EXERCISE INSTRUCTIONS: Check each line of the entries. Copy the ones that contain the string "with".

DATASET EXCERPTS:
-- Opening Marker --

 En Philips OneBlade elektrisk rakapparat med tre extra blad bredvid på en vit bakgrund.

-- Closing Marker --
-- Opening Marker --

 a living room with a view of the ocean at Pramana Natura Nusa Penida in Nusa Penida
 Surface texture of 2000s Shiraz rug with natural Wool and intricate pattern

-- Closing Marker --

EXERCISE RESULT:
 a living room with a view of the ocean at Pramana Natura Nusa Penida in Nusa Penida
 Surface texture of 2000s Shiraz rug with natural Wool and intricate pattern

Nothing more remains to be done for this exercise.